## WORK TASK
Could the records below please be retyped exactly, with their pictures left out?

## TASK DATA
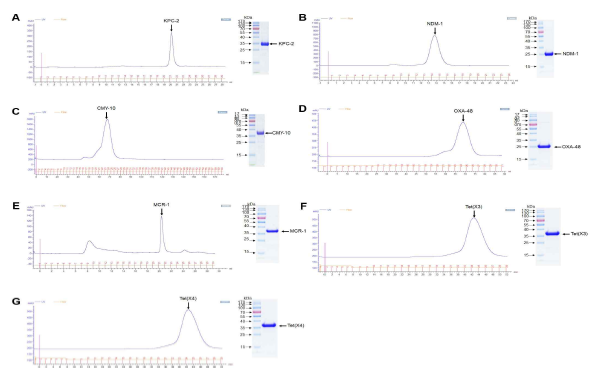 Purification of expressed proteins [(A) KPC-2, (B) NDM-1, (C) CMY-10, (D) OXA-48, (E) MCR-1, (F) Tet(X3), and (G) Tet(X4)] by GPC and SDS-PAGE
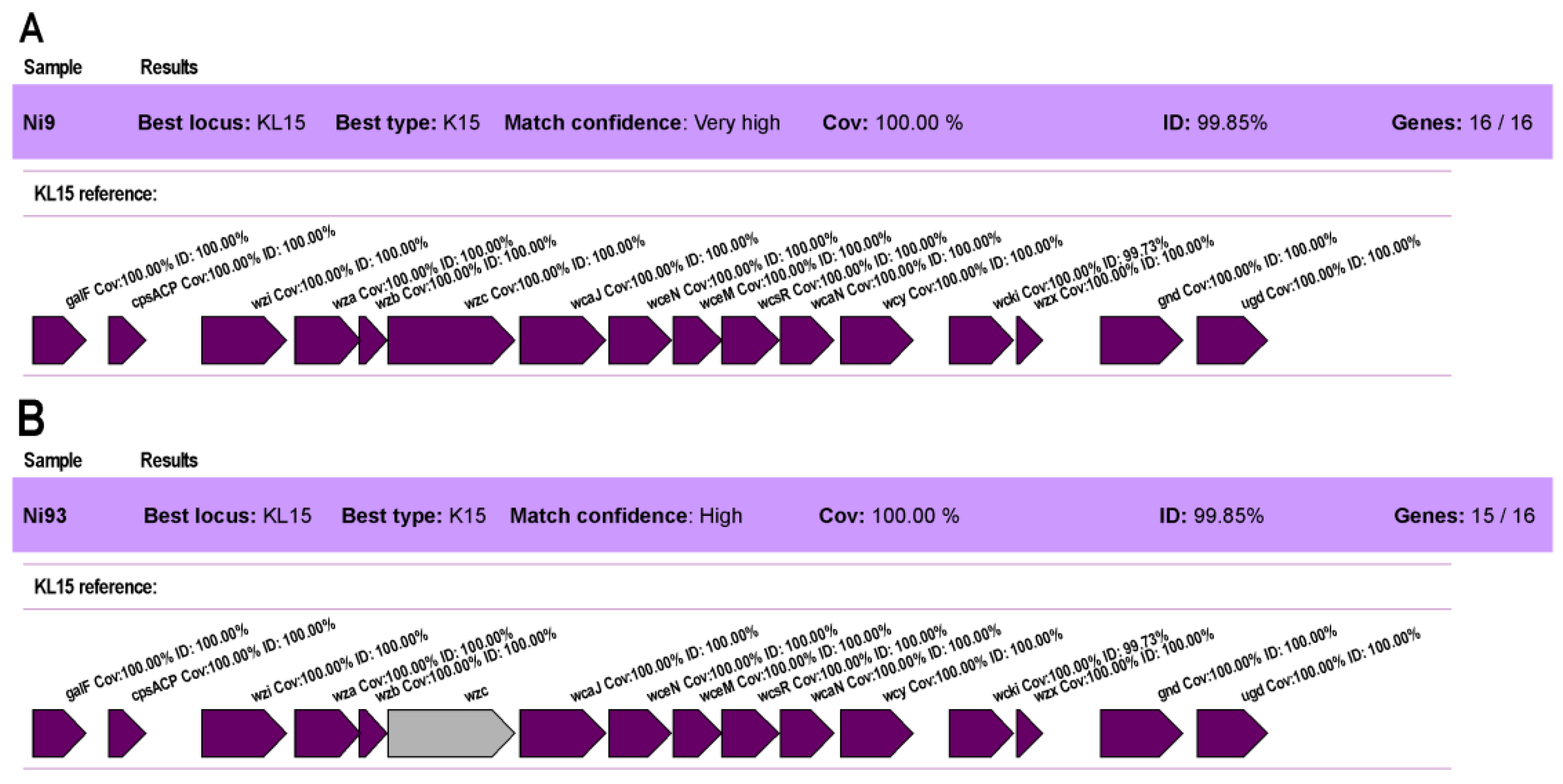 Viruses 15 00628 g013 Viruses 15 00628 g013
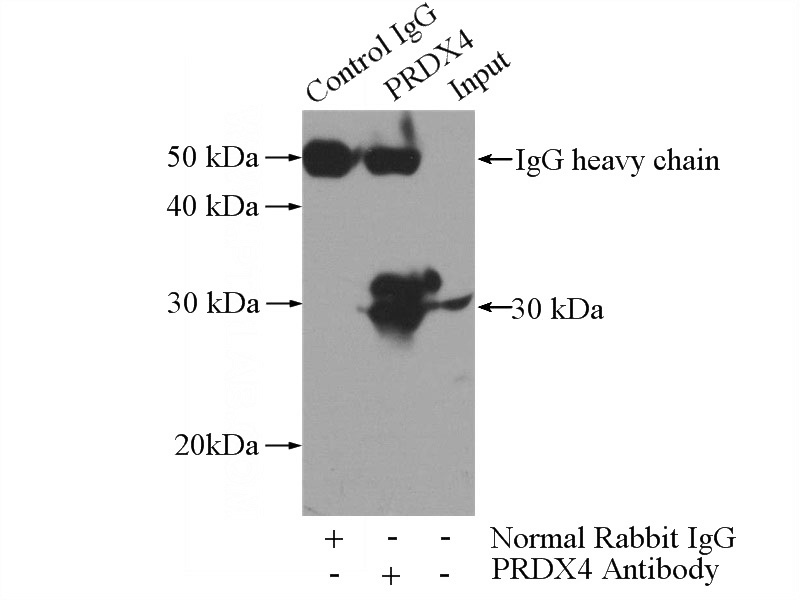 IP Result of anti-PRDX4 (IP:Catalog No:114177, 3ug; Detection:Catalog No:114177 1:500) with HepG2 cells lysate 4000ug.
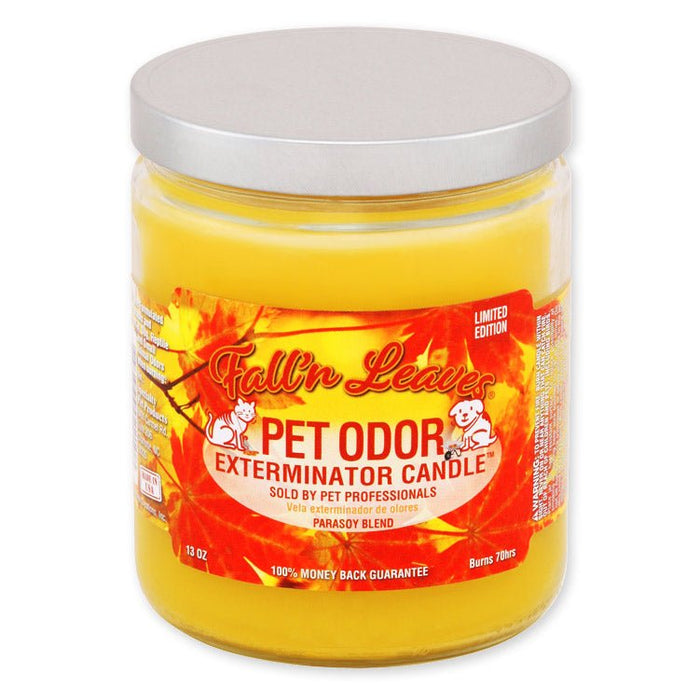 Pet Odor Exterminator Candle – Enzyme - Based Odor Eliminating Candle Safe for Pets - SPTC2 - Fall N Leaves - 13 oz - 18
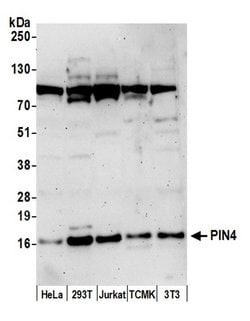 PIN4 Polyclonal Antibody, Bethyl Laboratories:Antibodies:Primary Antibodies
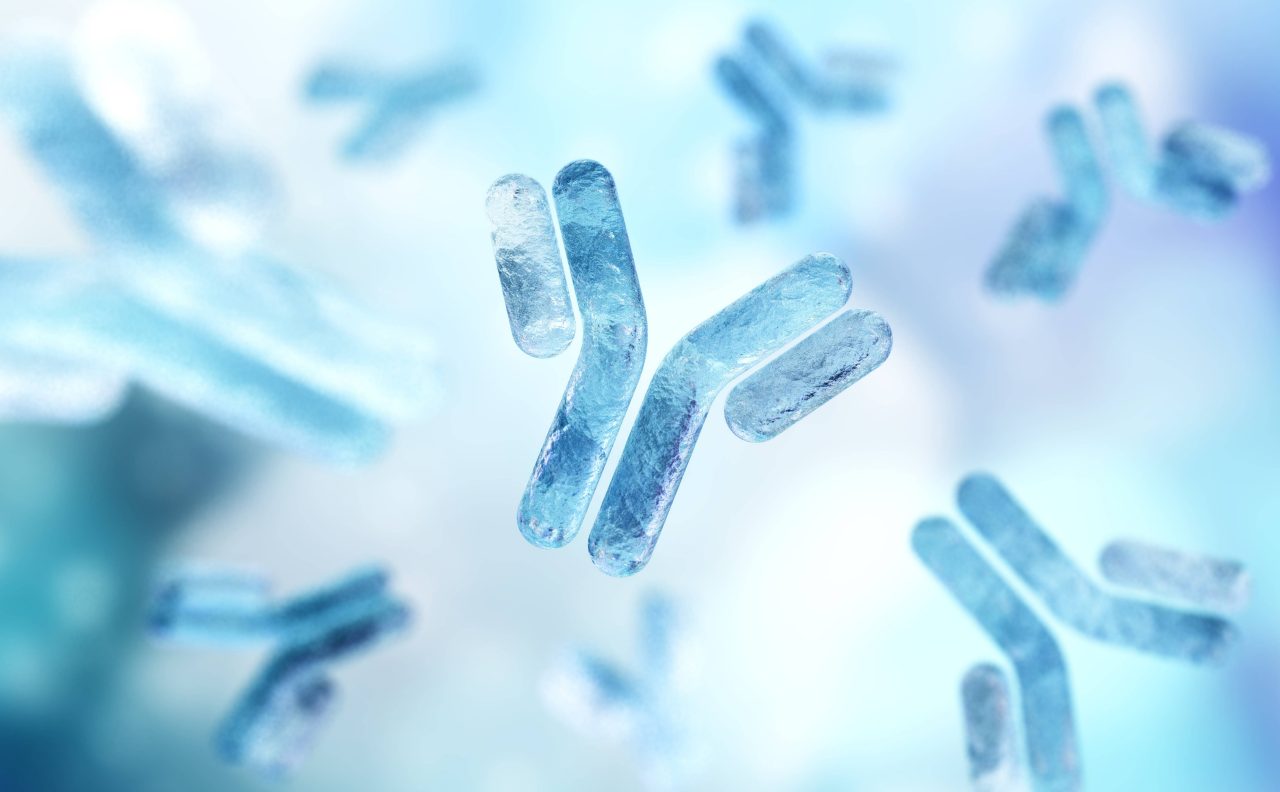 Antibodies_blood_plasma_globular_proteins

## EXERCISE OUTPUT
 Purification of expressed proteins [(A) KPC-2, (B) NDM-1, (C) CMY-10, (D) OXA-48, (E) MCR-1, (F) Tet(X3), and (G) Tet(X4)] by GPC and SDS-PAGE
 Viruses 15 00628 g013 Viruses 15 00628 g013
 IP Result of anti-PRDX4 (IP:Catalog No:114177, 3ug; Detection:Catalog No:114177 1:500) with HepG2 cells lysate 4000ug.
 Pet Odor Exterminator Candle – Enzyme - Based Odor Eliminating Candle Safe for Pets - SPTC2 - Fall N Leaves - 13 oz - 18
 PIN4 Polyclonal Antibody, Bethyl Laboratories:Antibodies:Primary Antibodies
 Antibodies_blood_plasma_globular_proteins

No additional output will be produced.